━━ PROVIDED ENTRIES

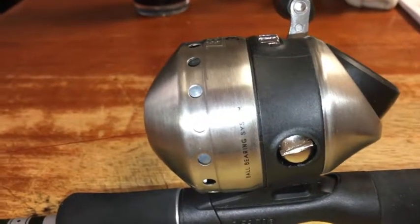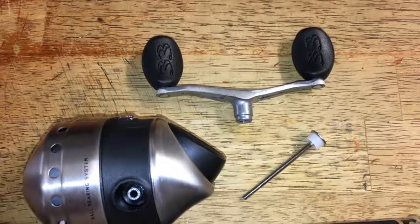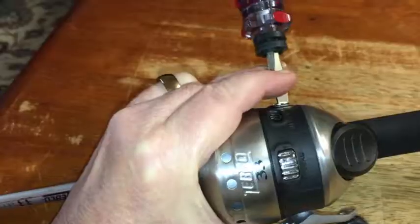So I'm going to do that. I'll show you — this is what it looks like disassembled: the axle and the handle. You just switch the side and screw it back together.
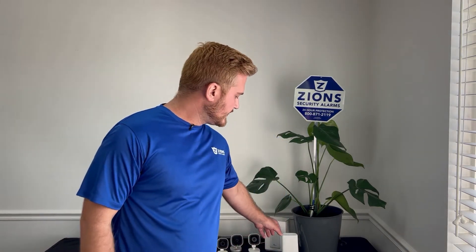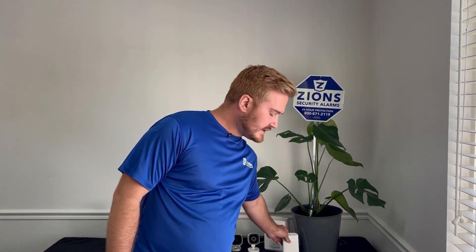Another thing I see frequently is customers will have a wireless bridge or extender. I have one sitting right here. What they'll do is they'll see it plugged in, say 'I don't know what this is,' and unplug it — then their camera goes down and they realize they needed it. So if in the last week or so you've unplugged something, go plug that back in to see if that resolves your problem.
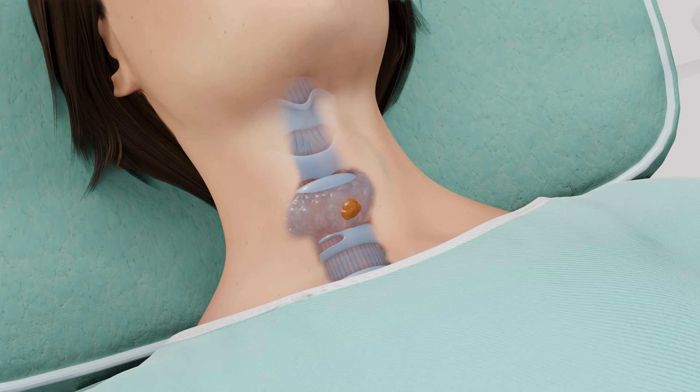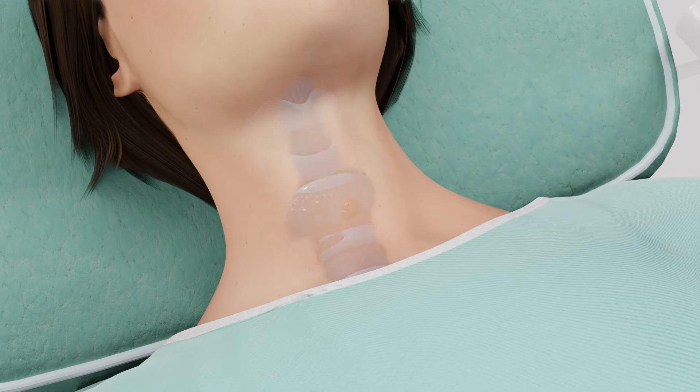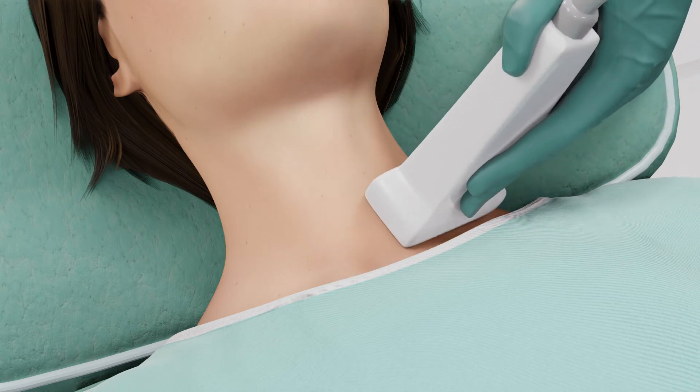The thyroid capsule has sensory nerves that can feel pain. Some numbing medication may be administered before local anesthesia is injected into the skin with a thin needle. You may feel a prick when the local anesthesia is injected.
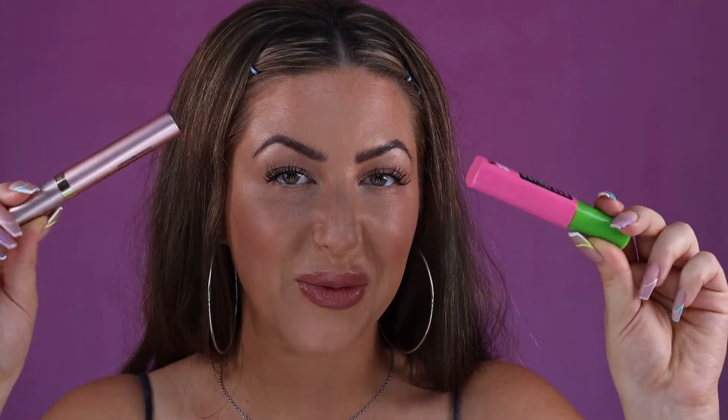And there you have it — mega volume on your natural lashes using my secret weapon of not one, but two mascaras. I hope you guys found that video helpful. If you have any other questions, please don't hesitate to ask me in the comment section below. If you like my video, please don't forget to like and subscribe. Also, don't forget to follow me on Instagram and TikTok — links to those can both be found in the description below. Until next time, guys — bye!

━━━━
━━ PROVIDED ENTRIES

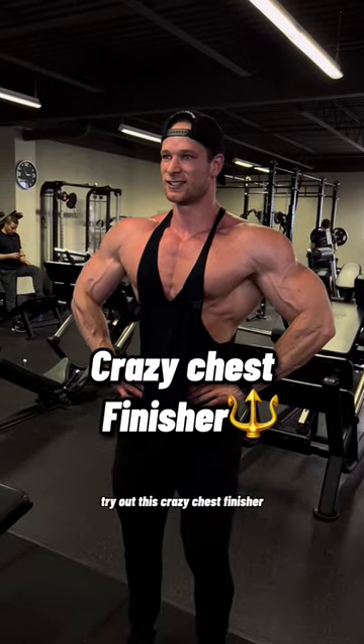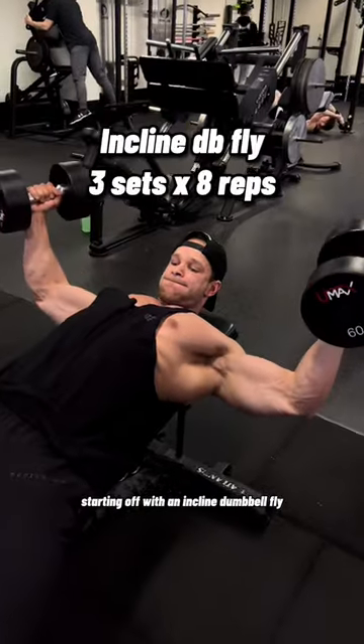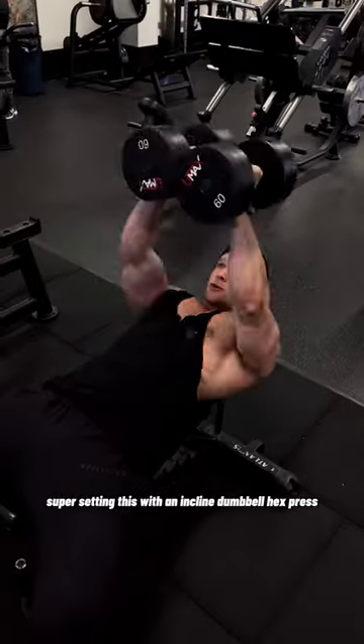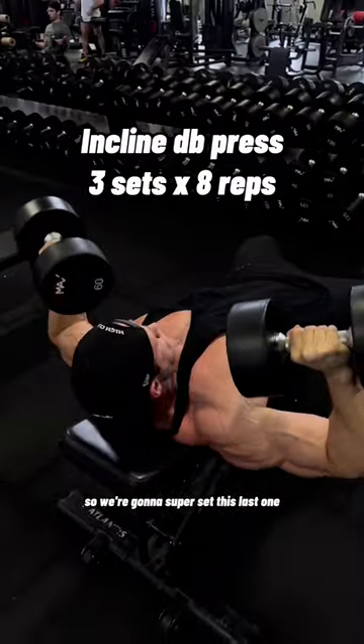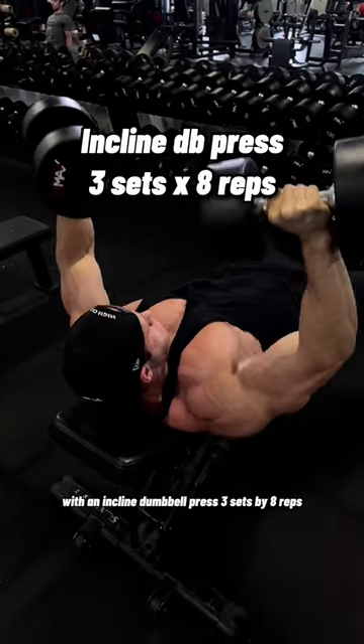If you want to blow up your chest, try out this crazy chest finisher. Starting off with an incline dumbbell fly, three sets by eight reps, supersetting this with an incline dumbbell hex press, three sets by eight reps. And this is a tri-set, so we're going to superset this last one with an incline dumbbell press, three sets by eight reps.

━━━━

● TASK REQUIREMENTS
Beginning with the line that contains "Another thing I", write out the lines of the material above exactly, and end with the line that contains "And there you". Omit the pictures.

● RESULT FOR THIS EXERCISE
Another thing I see frequently is customers will have a wireless bridge or extender. I have one sitting right here. What they'll do is they'll see it plugged in, say 'I don't know what this is,' and unplug it — then their camera goes down and they realize they needed it. So if in the last week or so you've unplugged something, go plug that back in to see if that resolves your problem.
The thyroid capsule has sensory nerves that can feel pain. Some numbing medication may be administered before local anesthesia is injected into the skin with a thin needle. You may feel a prick when the local anesthesia is injected.
And there you have it — mega volume on your natural lashes using my secret weapon of not one, but two mascaras. I hope you guys found that video helpful. If you have any other questions, please don't hesitate to ask me in the comment section below. If you like my video, please don't forget to like and subscribe. Also, don't forget to follow me on Instagram and TikTok — links to those can both be found in the description below. Until next time, guys — bye!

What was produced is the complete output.